Caption-style text data:
----------------

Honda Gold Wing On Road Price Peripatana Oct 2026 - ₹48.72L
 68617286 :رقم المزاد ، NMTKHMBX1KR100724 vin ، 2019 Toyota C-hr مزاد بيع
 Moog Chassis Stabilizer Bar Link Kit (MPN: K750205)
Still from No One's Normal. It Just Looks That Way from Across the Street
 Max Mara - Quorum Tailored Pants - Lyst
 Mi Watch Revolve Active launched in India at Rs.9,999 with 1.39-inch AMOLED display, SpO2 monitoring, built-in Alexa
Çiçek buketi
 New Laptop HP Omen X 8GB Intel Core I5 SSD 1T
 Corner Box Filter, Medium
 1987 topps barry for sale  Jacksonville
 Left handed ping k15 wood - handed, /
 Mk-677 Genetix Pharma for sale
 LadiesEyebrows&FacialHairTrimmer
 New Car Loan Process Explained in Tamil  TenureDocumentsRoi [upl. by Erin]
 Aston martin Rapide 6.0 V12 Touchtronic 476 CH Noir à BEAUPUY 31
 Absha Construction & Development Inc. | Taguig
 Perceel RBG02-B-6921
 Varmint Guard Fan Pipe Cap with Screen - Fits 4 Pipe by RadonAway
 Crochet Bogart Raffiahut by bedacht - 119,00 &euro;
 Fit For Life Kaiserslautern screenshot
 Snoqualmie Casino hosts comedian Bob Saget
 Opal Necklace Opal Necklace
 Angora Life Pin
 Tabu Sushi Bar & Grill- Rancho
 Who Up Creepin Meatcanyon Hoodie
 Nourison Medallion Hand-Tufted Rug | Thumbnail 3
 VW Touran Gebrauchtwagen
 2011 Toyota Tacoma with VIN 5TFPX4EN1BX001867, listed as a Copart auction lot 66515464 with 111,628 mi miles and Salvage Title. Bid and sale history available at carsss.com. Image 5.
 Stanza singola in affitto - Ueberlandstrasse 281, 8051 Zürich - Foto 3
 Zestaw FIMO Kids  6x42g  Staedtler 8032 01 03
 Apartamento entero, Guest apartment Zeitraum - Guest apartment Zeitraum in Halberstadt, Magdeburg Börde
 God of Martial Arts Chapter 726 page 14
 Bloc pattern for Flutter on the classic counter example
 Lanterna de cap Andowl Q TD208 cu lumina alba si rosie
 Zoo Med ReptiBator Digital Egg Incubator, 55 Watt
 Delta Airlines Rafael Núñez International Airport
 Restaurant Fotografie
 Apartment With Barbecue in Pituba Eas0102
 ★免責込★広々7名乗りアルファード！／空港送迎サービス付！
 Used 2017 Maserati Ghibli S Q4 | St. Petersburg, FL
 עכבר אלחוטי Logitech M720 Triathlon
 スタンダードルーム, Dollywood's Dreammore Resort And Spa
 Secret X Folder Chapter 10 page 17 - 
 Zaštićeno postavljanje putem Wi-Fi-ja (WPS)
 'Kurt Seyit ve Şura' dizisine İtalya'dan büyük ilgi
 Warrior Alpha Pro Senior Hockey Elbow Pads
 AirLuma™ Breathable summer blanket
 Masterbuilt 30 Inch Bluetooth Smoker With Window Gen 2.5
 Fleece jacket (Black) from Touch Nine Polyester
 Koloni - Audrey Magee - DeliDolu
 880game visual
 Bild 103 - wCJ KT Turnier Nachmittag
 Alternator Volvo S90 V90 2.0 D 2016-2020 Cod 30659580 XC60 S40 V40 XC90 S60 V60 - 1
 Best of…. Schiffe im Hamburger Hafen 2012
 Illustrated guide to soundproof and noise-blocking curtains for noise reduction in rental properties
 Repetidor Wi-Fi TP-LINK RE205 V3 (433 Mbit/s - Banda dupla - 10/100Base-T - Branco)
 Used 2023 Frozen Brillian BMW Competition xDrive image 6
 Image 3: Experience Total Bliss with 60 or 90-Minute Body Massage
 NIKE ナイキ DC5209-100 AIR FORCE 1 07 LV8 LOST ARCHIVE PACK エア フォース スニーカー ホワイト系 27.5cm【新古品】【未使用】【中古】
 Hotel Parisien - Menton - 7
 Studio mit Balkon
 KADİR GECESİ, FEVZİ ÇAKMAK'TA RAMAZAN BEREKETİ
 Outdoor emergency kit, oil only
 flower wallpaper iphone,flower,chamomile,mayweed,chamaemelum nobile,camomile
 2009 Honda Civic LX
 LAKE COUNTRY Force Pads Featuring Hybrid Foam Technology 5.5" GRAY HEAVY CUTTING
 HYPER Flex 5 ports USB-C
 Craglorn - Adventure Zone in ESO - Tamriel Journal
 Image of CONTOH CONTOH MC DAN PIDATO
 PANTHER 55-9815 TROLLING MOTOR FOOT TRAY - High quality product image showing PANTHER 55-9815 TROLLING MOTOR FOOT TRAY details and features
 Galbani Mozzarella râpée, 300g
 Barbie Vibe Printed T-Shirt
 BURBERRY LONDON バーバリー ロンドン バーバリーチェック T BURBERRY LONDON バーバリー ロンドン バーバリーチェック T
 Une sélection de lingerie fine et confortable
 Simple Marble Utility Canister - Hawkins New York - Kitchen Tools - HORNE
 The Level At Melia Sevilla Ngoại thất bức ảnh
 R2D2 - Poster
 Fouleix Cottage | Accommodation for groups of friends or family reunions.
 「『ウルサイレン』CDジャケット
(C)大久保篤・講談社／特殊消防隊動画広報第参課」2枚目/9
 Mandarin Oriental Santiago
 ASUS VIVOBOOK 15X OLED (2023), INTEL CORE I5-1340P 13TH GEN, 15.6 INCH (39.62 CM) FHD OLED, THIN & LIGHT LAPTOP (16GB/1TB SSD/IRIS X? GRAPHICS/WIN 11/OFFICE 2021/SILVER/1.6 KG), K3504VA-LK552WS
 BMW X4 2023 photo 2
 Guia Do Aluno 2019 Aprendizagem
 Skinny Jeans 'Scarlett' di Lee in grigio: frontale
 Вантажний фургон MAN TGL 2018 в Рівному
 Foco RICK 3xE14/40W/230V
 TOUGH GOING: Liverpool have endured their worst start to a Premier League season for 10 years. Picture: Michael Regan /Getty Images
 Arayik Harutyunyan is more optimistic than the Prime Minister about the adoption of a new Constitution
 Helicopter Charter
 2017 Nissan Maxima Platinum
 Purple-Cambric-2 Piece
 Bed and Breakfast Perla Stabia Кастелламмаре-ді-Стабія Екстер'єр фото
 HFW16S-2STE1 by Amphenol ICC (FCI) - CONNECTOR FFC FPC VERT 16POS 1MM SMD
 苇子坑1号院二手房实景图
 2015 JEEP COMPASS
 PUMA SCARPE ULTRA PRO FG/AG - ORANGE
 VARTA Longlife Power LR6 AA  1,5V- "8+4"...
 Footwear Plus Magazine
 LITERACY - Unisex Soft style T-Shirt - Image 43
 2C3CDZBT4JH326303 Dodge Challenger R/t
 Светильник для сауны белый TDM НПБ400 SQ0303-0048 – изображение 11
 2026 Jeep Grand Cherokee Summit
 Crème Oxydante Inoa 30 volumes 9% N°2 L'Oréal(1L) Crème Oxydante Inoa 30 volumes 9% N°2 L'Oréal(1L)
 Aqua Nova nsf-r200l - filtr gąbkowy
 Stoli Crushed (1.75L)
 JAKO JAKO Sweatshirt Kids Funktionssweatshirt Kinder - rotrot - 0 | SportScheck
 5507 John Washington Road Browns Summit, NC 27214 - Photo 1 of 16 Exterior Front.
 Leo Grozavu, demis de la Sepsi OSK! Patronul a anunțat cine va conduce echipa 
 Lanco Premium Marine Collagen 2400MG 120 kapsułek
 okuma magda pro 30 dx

----------------

● **Assignment**: An exact transcription of the data above is required.

● **Response box**:
Honda Gold Wing On Road Price Peripatana Oct 2026 - ₹48.72L
 68617286 :رقم المزاد ، NMTKHMBX1KR100724 vin ، 2019 Toyota C-hr مزاد بيع
 Moog Chassis Stabilizer Bar Link Kit (MPN: K750205)
Still from No One's Normal. It Just Looks That Way from Across the Street
 Max Mara - Quorum Tailored Pants - Lyst
 Mi Watch Revolve Active launched in India at Rs.9,999 with 1.39-inch AMOLED display, SpO2 monitoring, built-in Alexa
Çiçek buketi
 New Laptop HP Omen X 8GB Intel Core I5 SSD 1T
 Corner Box Filter, Medium
 1987 topps barry for sale  Jacksonville
 Left handed ping k15 wood - handed, /
 Mk-677 Genetix Pharma for sale
 LadiesEyebrows&FacialHairTrimmer
 New Car Loan Process Explained in Tamil  TenureDocumentsRoi [upl. by Erin]
 Aston martin Rapide 6.0 V12 Touchtronic 476 CH Noir à BEAUPUY 31
 Absha Construction & Development Inc. | Taguig
 Perceel RBG02-B-6921
 Varmint Guard Fan Pipe Cap with Screen - Fits 4 Pipe by RadonAway
 Crochet Bogart Raffiahut by bedacht - 119,00 &euro;
 Fit For Life Kaiserslautern screenshot
 Snoqualmie Casino hosts comedian Bob Saget
 Opal Necklace Opal Necklace
 Angora Life Pin
 Tabu Sushi Bar & Grill- Rancho
 Who Up Creepin Meatcanyon Hoodie
 Nourison Medallion Hand-Tufted Rug | Thumbnail 3
 VW Touran Gebrauchtwagen
 2011 Toyota Tacoma with VIN 5TFPX4EN1BX001867, listed as a Copart auction lot 66515464 with 111,628 mi miles and Salvage Title. Bid and sale history available at carsss.com. Image 5.
 Stanza singola in affitto - Ueberlandstrasse 281, 8051 Zürich - Foto 3
 Zestaw FIMO Kids  6x42g  Staedtler 8032 01 03
 Apartamento entero, Guest apartment Zeitraum - Guest apartment Zeitraum in Halberstadt, Magdeburg Börde
 God of Martial Arts Chapter 726 page 14
 Bloc pattern for Flutter on the classic counter example
 Lanterna de cap Andowl Q TD208 cu lumina alba si rosie
 Zoo Med ReptiBator Digital Egg Incubator, 55 Watt
 Delta Airlines Rafael Núñez International Airport
 Restaurant Fotografie
 Apartment With Barbecue in Pituba Eas0102
 ★免責込★広々7名乗りアルファード！／空港送迎サービス付！
 Used 2017 Maserati Ghibli S Q4 | St. Petersburg, FL
 עכבר אלחוטי Logitech M720 Triathlon
 スタンダードルーム, Dollywood's Dreammore Resort And Spa
 Secret X Folder Chapter 10 page 17 - 
 Zaštićeno postavljanje putem Wi-Fi-ja (WPS)
 'Kurt Seyit ve Şura' dizisine İtalya'dan büyük ilgi
 Warrior Alpha Pro Senior Hockey Elbow Pads
 AirLuma™ Breathable summer blanket
 Masterbuilt 30 Inch Bluetooth Smoker With Window Gen 2.5
 Fleece jacket (Black) from Touch Nine Polyester
 Koloni - Audrey Magee - DeliDolu
 880game visual
 Bild 103 - wCJ KT Turnier Nachmittag
 Alternator Volvo S90 V90 2.0 D 2016-2020 Cod 30659580 XC60 S40 V40 XC90 S60 V60 - 1
 Best of…. Schiffe im Hamburger Hafen 2012
 Illustrated guide to soundproof and noise-blocking curtains for noise reduction in rental properties
 Repetidor Wi-Fi TP-LINK RE205 V3 (433 Mbit/s - Banda dupla - 10/100Base-T - Branco)
 Used 2023 Frozen Brillian BMW Competition xDrive image 6
 Image 3: Experience Total Bliss with 60 or 90-Minute Body Massage
 NIKE ナイキ DC5209-100 AIR FORCE 1 07 LV8 LOST ARCHIVE PACK エア フォース スニーカー ホワイト系 27.5cm【新古品】【未使用】【中古】
 Hotel Parisien - Menton - 7
 Studio mit Balkon
 KADİR GECESİ, FEVZİ ÇAKMAK'TA RAMAZAN BEREKETİ
 Outdoor emergency kit, oil only
 flower wallpaper iphone,flower,chamomile,mayweed,chamaemelum nobile,camomile
 2009 Honda Civic LX
 LAKE COUNTRY Force Pads Featuring Hybrid Foam Technology 5.5" GRAY HEAVY CUTTING
 HYPER Flex 5 ports USB-C
 Craglorn - Adventure Zone in ESO - Tamriel Journal
 Image of CONTOH CONTOH MC DAN PIDATO
 PANTHER 55-9815 TROLLING MOTOR FOOT TRAY - High quality product image showing PANTHER 55-9815 TROLLING MOTOR FOOT TRAY details and features
 Galbani Mozzarella râpée, 300g
 Barbie Vibe Printed T-Shirt
 BURBERRY LONDON バーバリー ロンドン バーバリーチェック T BURBERRY LONDON バーバリー ロンドン バーバリーチェック T
 Une sélection de lingerie fine et confortable
 Simple Marble Utility Canister - Hawkins New York - Kitchen Tools - HORNE
 The Level At Melia Sevilla Ngoại thất bức ảnh
 R2D2 - Poster
 Fouleix Cottage | Accommodation for groups of friends or family reunions.
 「『ウルサイレン』CDジャケット
(C)大久保篤・講談社／特殊消防隊動画広報第参課」2枚目/9
 Mandarin Oriental Santiago
 ASUS VIVOBOOK 15X OLED (2023), INTEL CORE I5-1340P 13TH GEN, 15.6 INCH (39.62 CM) FHD OLED, THIN & LIGHT LAPTOP (16GB/1TB SSD/IRIS X? GRAPHICS/WIN 11/OFFICE 2021/SILVER/1.6 KG), K3504VA-LK552WS
 BMW X4 2023 photo 2
 Guia Do Aluno 2019 Aprendizagem
 Skinny Jeans 'Scarlett' di Lee in grigio: frontale
 Вантажний фургон MAN TGL 2018 в Рівному
 Foco RICK 3xE14/40W/230V
 TOUGH GOING: Liverpool have endured their worst start to a Premier League season for 10 years. Picture: Michael Regan /Getty Images
 Arayik Harutyunyan is more optimistic than the Prime Minister about the adoption of a new Constitution
 Helicopter Charter
 2017 Nissan Maxima Platinum
 Purple-Cambric-2 Piece
 Bed and Breakfast Perla Stabia Кастелламмаре-ді-Стабія Екстер'єр фото
 HFW16S-2STE1 by Amphenol ICC (FCI) - CONNECTOR FFC FPC VERT 16POS 1MM SMD
 苇子坑1号院二手房实景图
 2015 JEEP COMPASS
 PUMA SCARPE ULTRA PRO FG/AG - ORANGE
 VARTA Longlife Power LR6 AA  1,5V- "8+4"...
 Footwear Plus Magazine
 LITERACY - Unisex Soft style T-Shirt - Image 43
 2C3CDZBT4JH326303 Dodge Challenger R/t
 Светильник для сауны белый TDM НПБ400 SQ0303-0048 – изображение 11
 2026 Jeep Grand Cherokee Summit
 Crème Oxydante Inoa 30 volumes 9% N°2 L'Oréal(1L) Crème Oxydante Inoa 30 volumes 9% N°2 L'Oréal(1L)
 Aqua Nova nsf-r200l - filtr gąbkowy
 Stoli Crushed (1.75L)
 JAKO JAKO Sweatshirt Kids Funktionssweatshirt Kinder - rotrot - 0 | SportScheck
 5507 John Washington Road Browns Summit, NC 27214 - Photo 1 of 16 Exterior Front.
 Leo Grozavu, demis de la Sepsi OSK! Patronul a anunțat cine va conduce echipa 
 Lanco Premium Marine Collagen 2400MG 120 kapsułek
 okuma magda pro 30 dx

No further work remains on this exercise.